Par Olivier Bault.
Pologne – Le 24 janvier, l’Institut de la mémoire nationale (IPN), dépositaire des archives des anciens services de sécurité de la dictature communiste, a rendu publics 6500 dossiers jusqu’ici classés secret défense. L’ensemble de la partie restée jusqu’ici confidentielle des services communistes doit être divulguée d’ici au 31 mars. Seuls les documents dont la divulgation pourrait encore compromettre la sécurité de l’État seront laissés dans les archives secrètes. Le processus de passage en revue des archives communistes est réalisé en collaboration avec les services de sécurité polonais. La directrice des archives de l’IPN a informé qu’à ce jour, sur plus de 14 000 dossiers contrôlés, plus de 8 000 ont reçu le feu vert pour être rendus publics. Les archives concernées ne contiennent toutefois pas les dossiers hérités du renseignement militaire de l’ancienne armée « populaire ».
La divulgation de ces dossiers, si elle peut se révéler gênante pour certaines personnes, y compris des personnes qui ont rempli des fonctions importantes dans la Pologne post-communiste, donnera aux historiens une vaste source d’informations sur la Pologne satellite de la Russie soviétique dans les années 1945 à 1990, et notamment sur le fonctionnement de sa police politique et de son contre-renseignement, ainsi que sur les personnes ayant collaboré ou ayant été ciblées par ces services.

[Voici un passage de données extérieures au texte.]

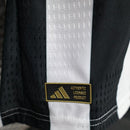 Camiseta Juventus Primera Equipación 26/27 Manga Larga Jugador - TIENDA HINCHA FUTBOLERO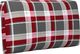 vidaXL Ogrodowa sofa narożna z palet, miodowy brąz, drewno sosnowe 8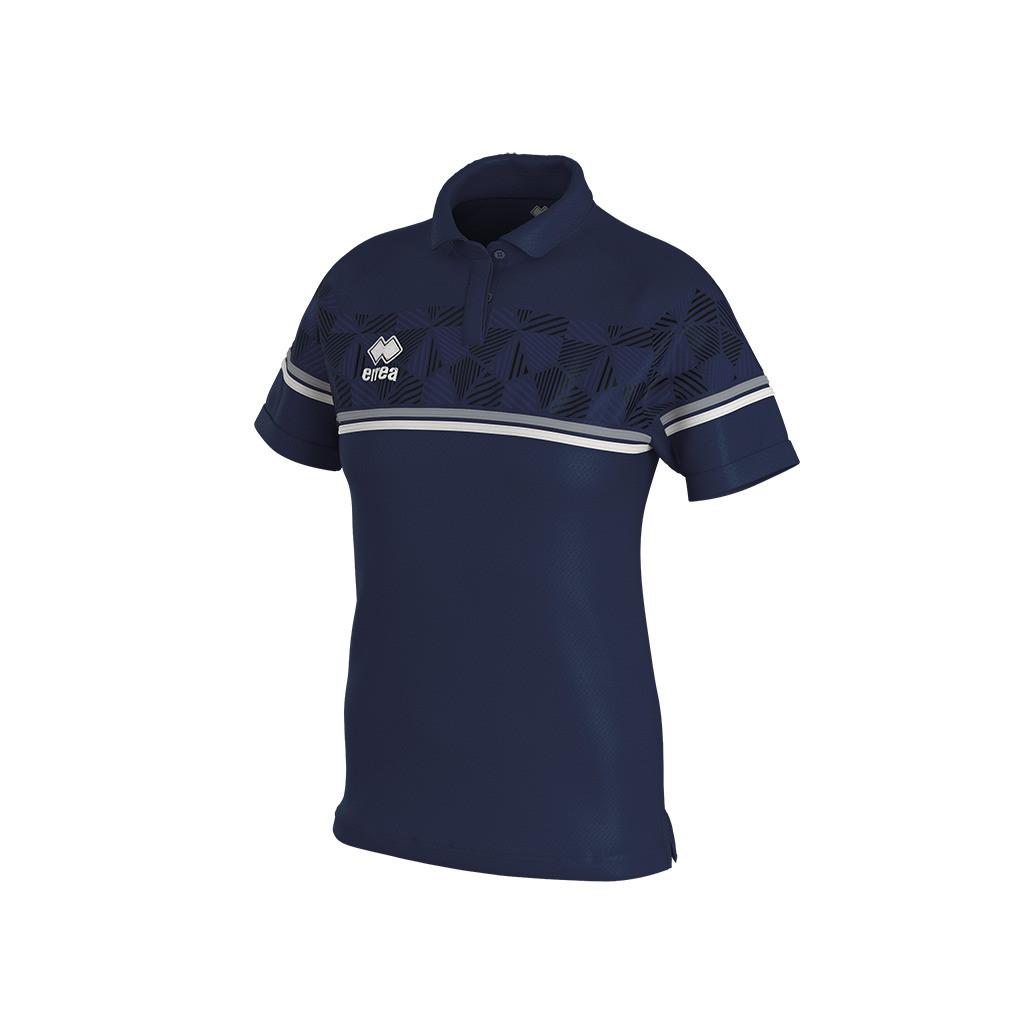errea Darya Poloshirt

Parmi les nouveaux documents consultés par l’historien Sławomir Cenckiewicz, vice-président du conseil d’administration de l’IPN, certains concernaient par exemple le colonel Ryszard Kukliński, alias Jack Strong, qui avait été exfiltré aux USA après avoir dévoilé aux Américains les plans d’attaque du Pacte de Varsovie, et le futur général, devenu chef du contre-renseignement de la Pologne démocratique au début des années 90, Gromosław Czempiński. C’est lui qui avait, en tant qu’officier du Service de sécurité (SB) communiste, mené l’opération contre l’agente de liaison de la CIA chargée des contacts avec Kukliński. Si ce dossier avait été placé dans les archives secrètes, c’est justement en raison de sa fonction importante dans la Pologne post-communiste. Même après la chute du communisme, le général Czempiński qualifiait le colonel Kukliński, dont les deux fils ont perdu la vie dans des circonstances non élucidées en 1994 (une vengeance des anciens services communistes ?), de traître. Car comme l’avait expliqué le général Jaruzelski lui-même : « Si Kukliński est un héros, alors qu’étions-nous ? Si on rend à Kukliński son honneur et qu’on l’innocente, cela veut dire que c’est nous qui n’avons pas d’honneur et que nous sommes coupables ».
La divulgation de ces archives secrètes pourrait donc encore faire des vagues et accentuer l’hostilité d’une certaine opposition face au PiS.